Exclude all pictures, and reproduce exactly the lines from the one containing "Yellow Soft Silk Kanjivaram Saree" through the end of the records, with nothing else added.

◆ DATA
────────────────────────────────────────

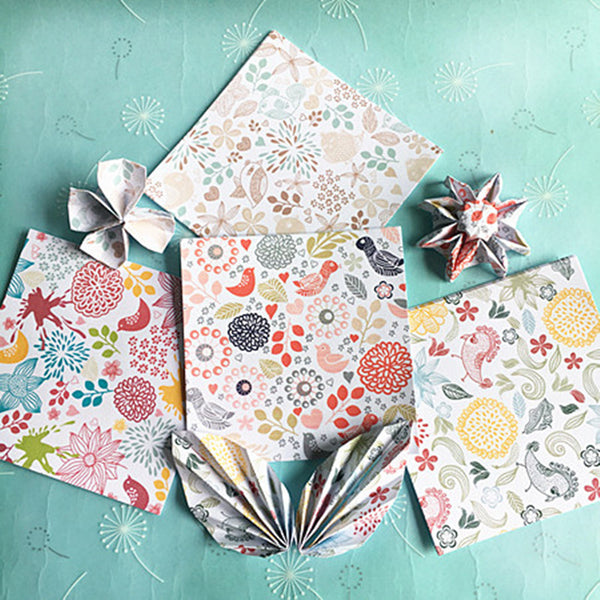 Ancient Floral Origami Paper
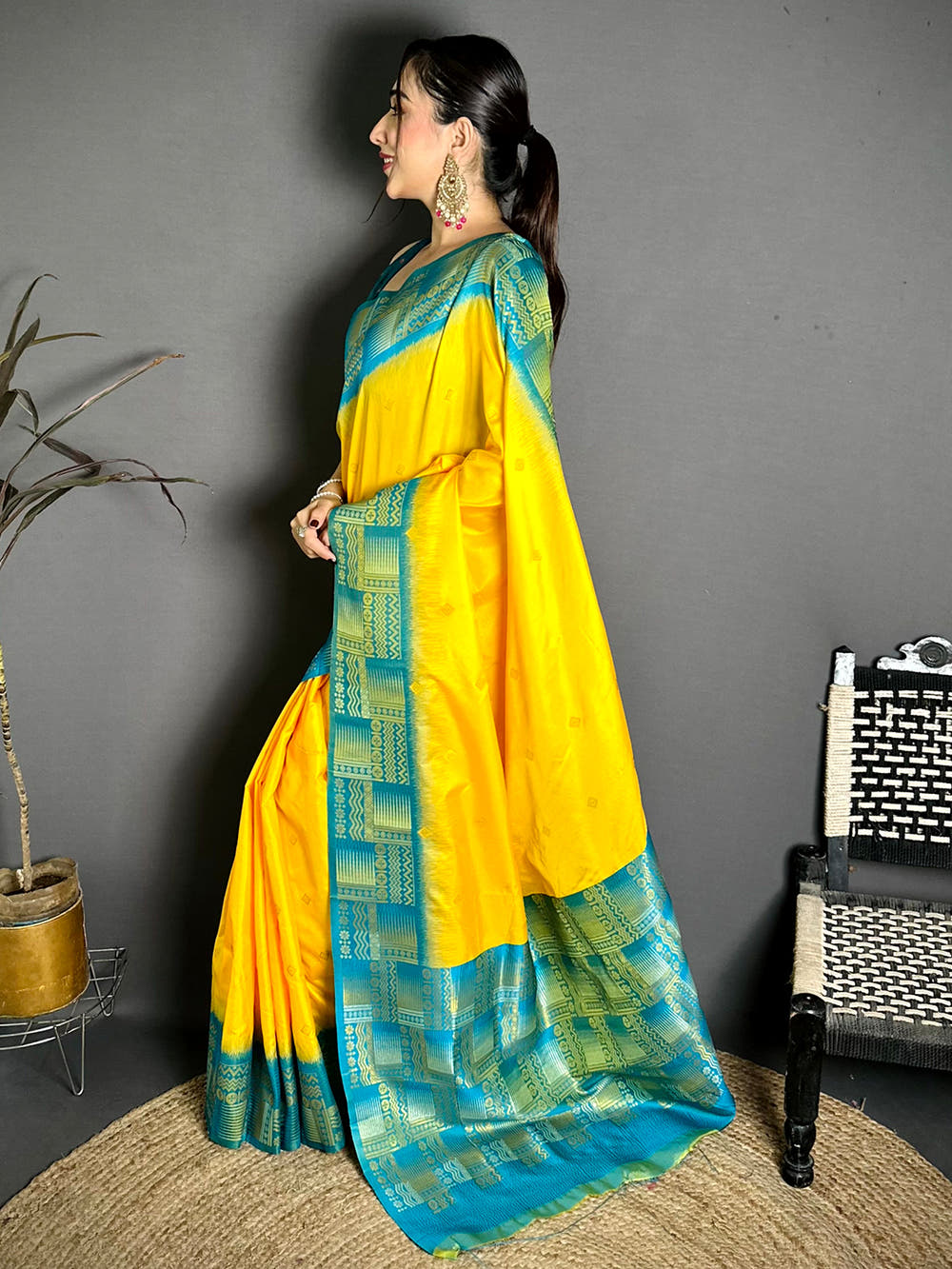 Yellow Soft Silk Kanjivaram Saree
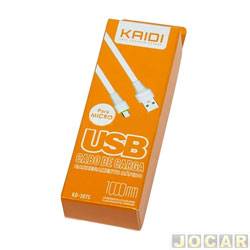 Cabo para celular - Kaidi KD-307S - para Android - Micro USB V8 - 1 metro - branco - cada (unidade)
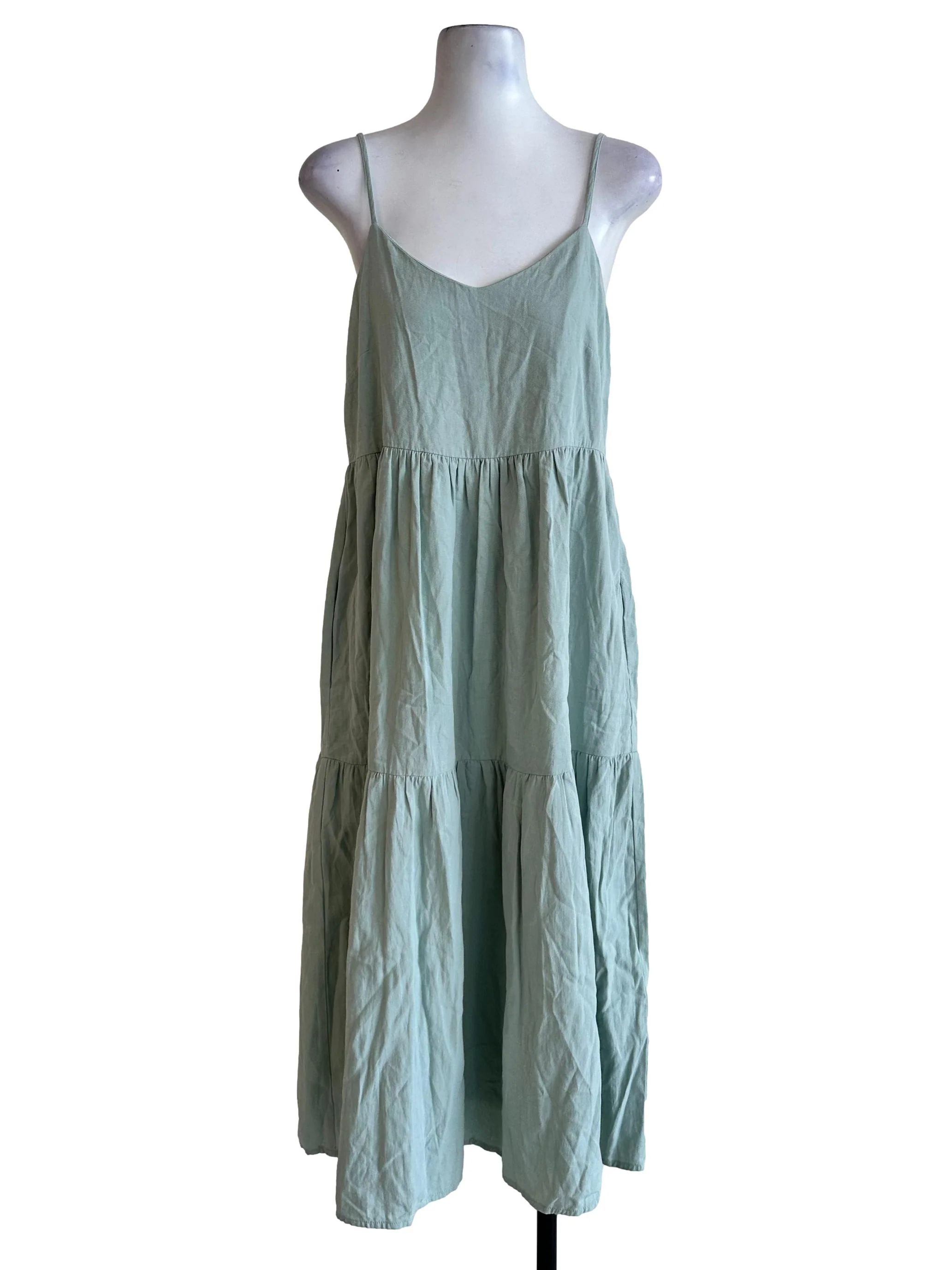 Olive Green Sleeveless Midi Dress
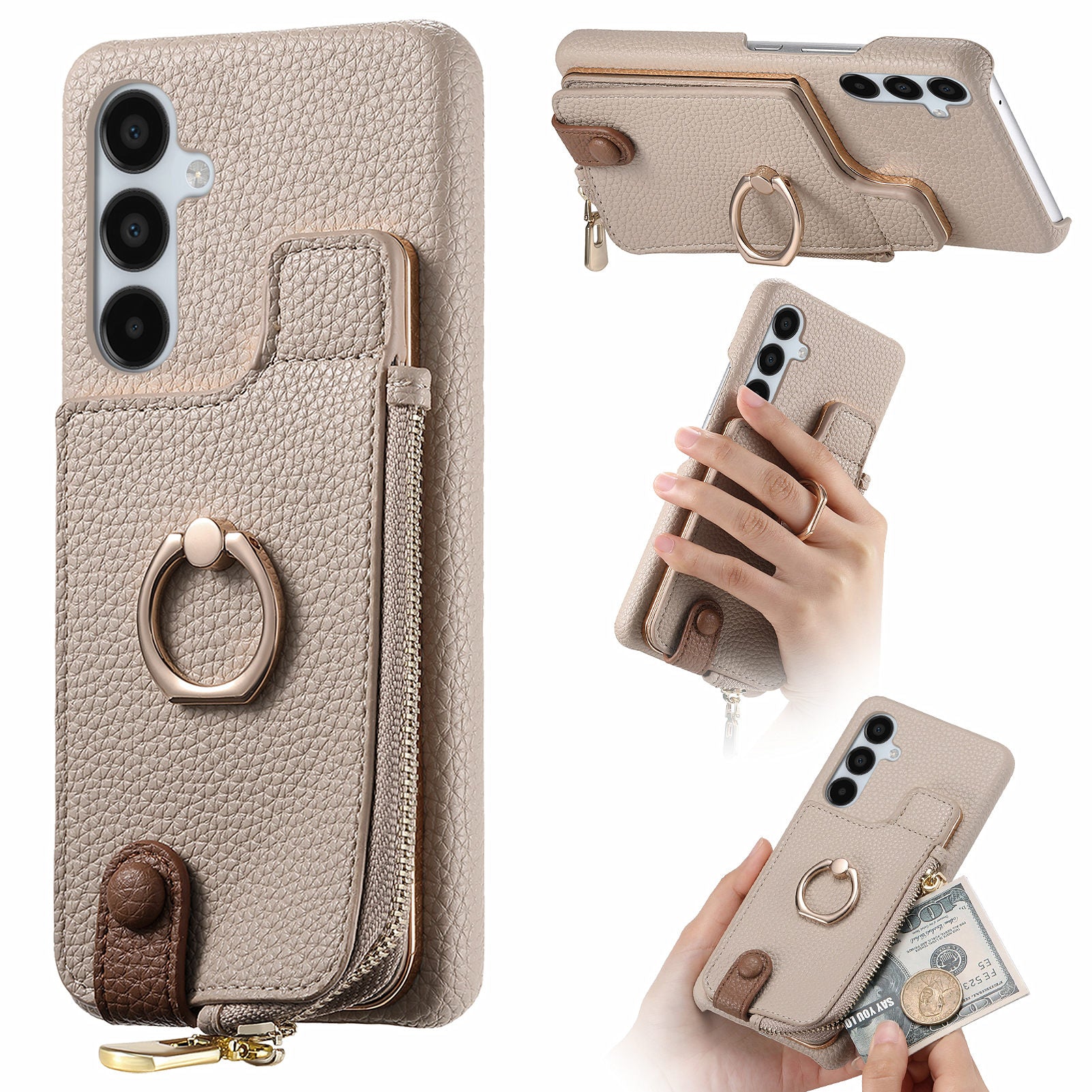 Y3 for Samsung Galaxy A15 4G / A15 5G Phone Case Leather+TPU Kickstand Cover with Zipper Pocket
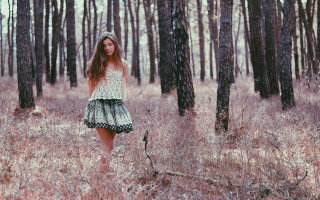 Woman field tallgrass forest cherryblossoms - forest free wallpaper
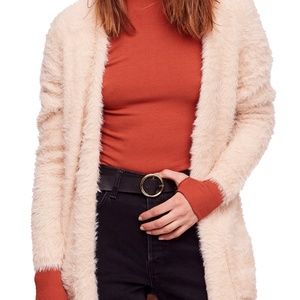 Free People Faux Fur Open Cardigan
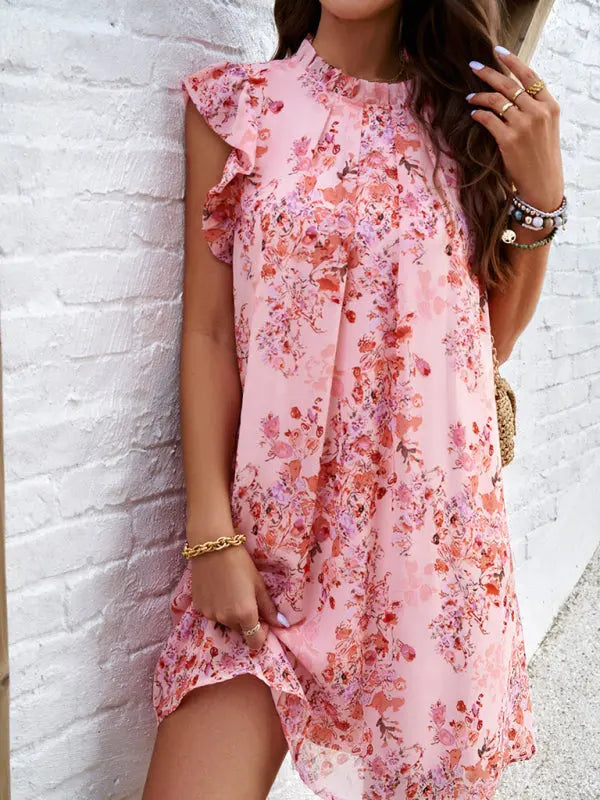 Elegant Printed Sleeveless Dress BLUE ZONE PLANET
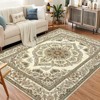 Area Rug,Washable Boho Floral Medallion ,3x5 Non-Slip Soft Low-Pile Printed Carpet for Indoor Decor in Entryway, Bedroom, Living Room,Kitchen, Yellow - 2 of 4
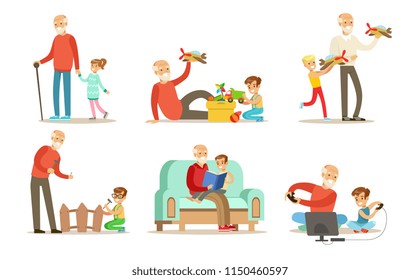 Grandpa spending time with grandchild set, grandfathers playing, walking, reading books and having fun with their grandchildren vector Illustrations on a white background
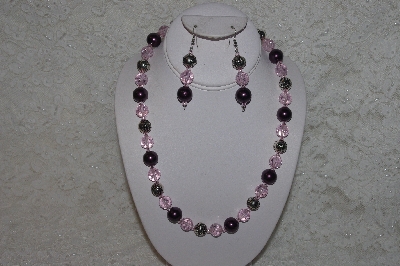 +MBAHB #24-168  "One Of A Kind Pink, Purple & German Silver Bead Necklace & Earring Set"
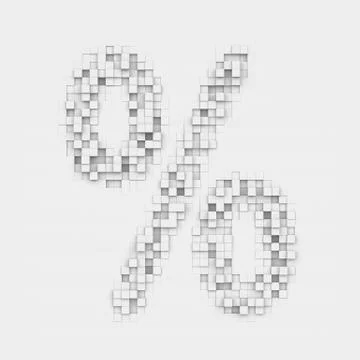 Rendering large percentage symbol made up of white square uneven tiles Stock Illustration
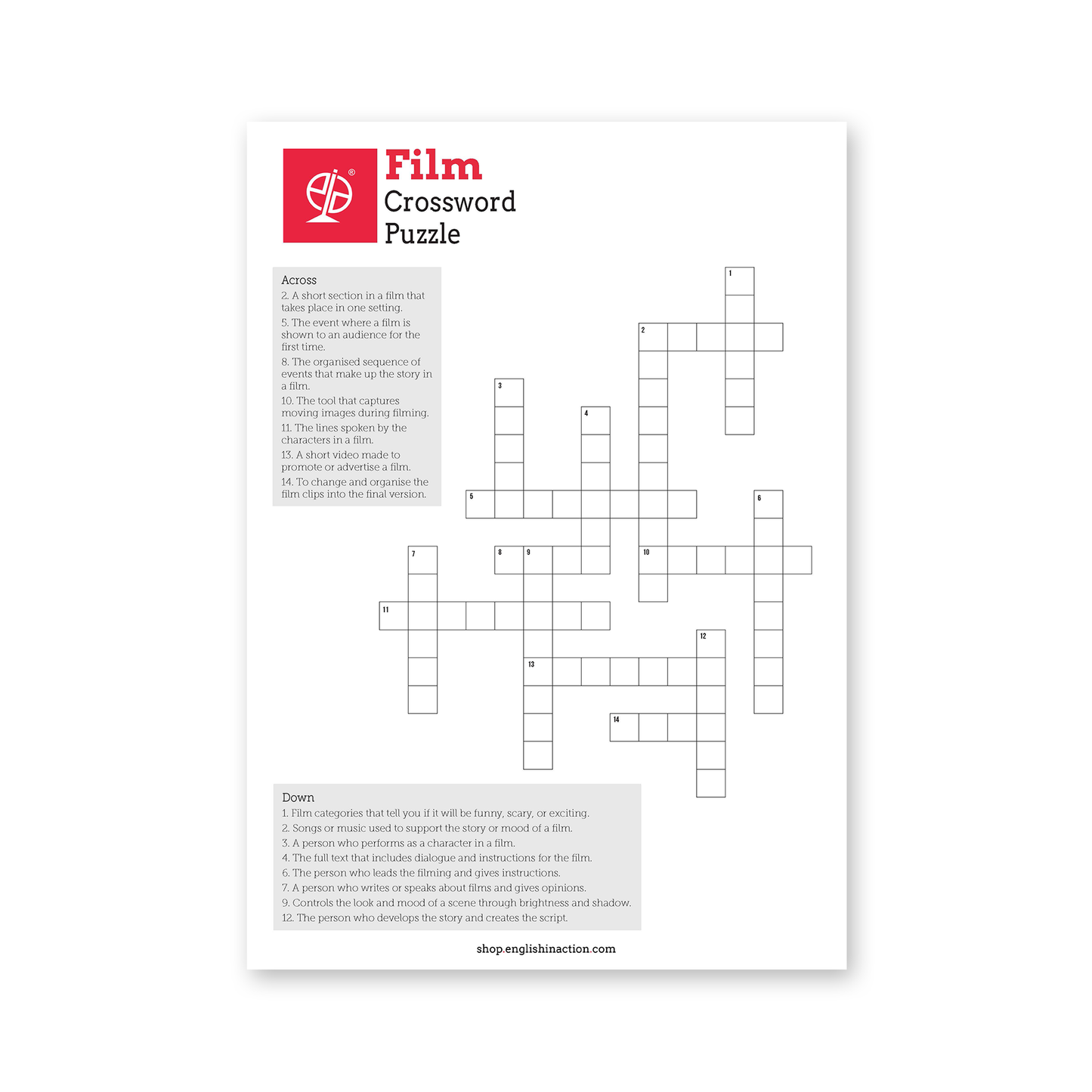 Music & Film Vocabulary | ESL Wordsearches, Crosswords & Printable Cards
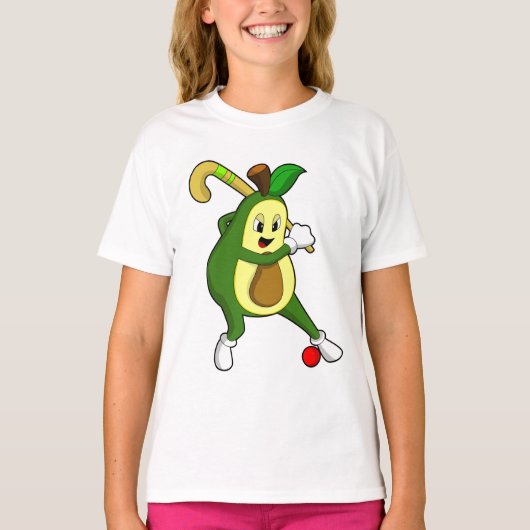 Avocado bij Hockey met Hockey bat T-shirt (Voorkant)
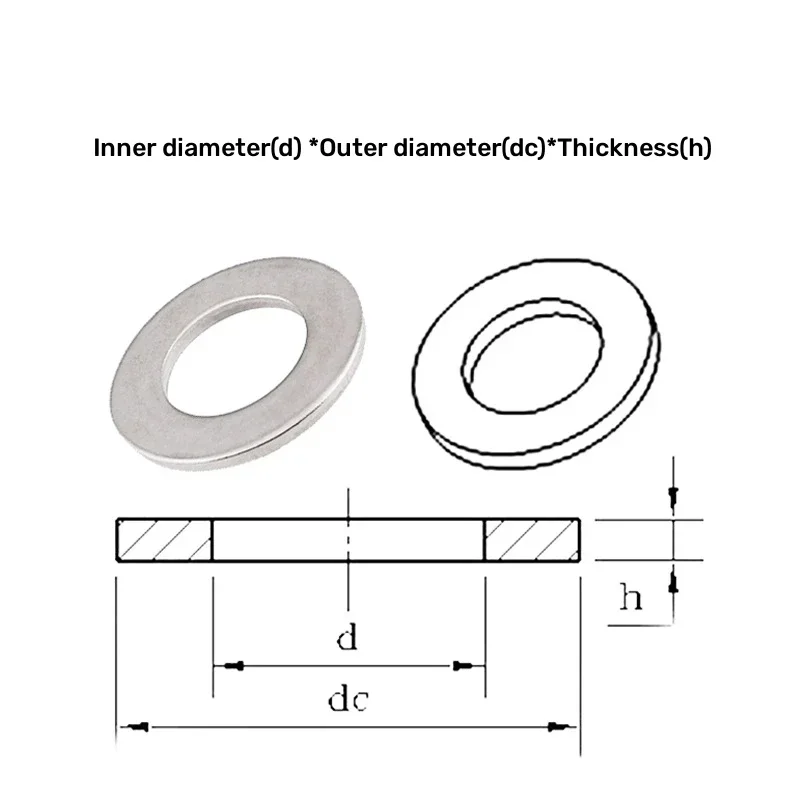 304 A2 Stainless Steel Metal Flat Washer Large Size Oversize Big Wider Plain Gasket O Ring M2M2.5M3M4M5M6M8M10M12M14M16M18M20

────────────────────────────────────────

◆ SOLUTION TO THE PROBLEM
 Yellow Soft Silk Kanjivaram Saree
 Cabo para celular - Kaidi KD-307S - para Android - Micro USB V8 - 1 metro - branco - cada (unidade)
 Olive Green Sleeveless Midi Dress
 Y3 for Samsung Galaxy A15 4G / A15 5G Phone Case Leather+TPU Kickstand Cover with Zipper Pocket
 Woman field tallgrass forest cherryblossoms - forest free wallpaper
 Free People Faux Fur Open Cardigan
 Elegant Printed Sleeveless Dress BLUE ZONE PLANET
 Area Rug,Washable Boho Floral Medallion ,3x5 Non-Slip Soft Low-Pile Printed Carpet for Indoor Decor in Entryway, Bedroom, Living Room,Kitchen, Yellow - 2 of 4
 Grandpa spending time with grandchild set, grandfathers playing, walking, reading books and having fun with their grandchildren vector Illustrations on a white background
 +MBAHB #24-168  "One Of A Kind Pink, Purple & German Silver Bead Necklace & Earring Set"
 Rendering large percentage symbol made up of white square uneven tiles Stock Illustration
 Music & Film Vocabulary | ESL Wordsearches, Crosswords & Printable Cards
 Avocado bij Hockey met Hockey bat T-shirt (Voorkant)
 304 A2 Stainless Steel Metal Flat Washer Large Size Oversize Big Wider Plain Gasket O Ring M2M2.5M3M4M5M6M8M10M12M14M16M18M20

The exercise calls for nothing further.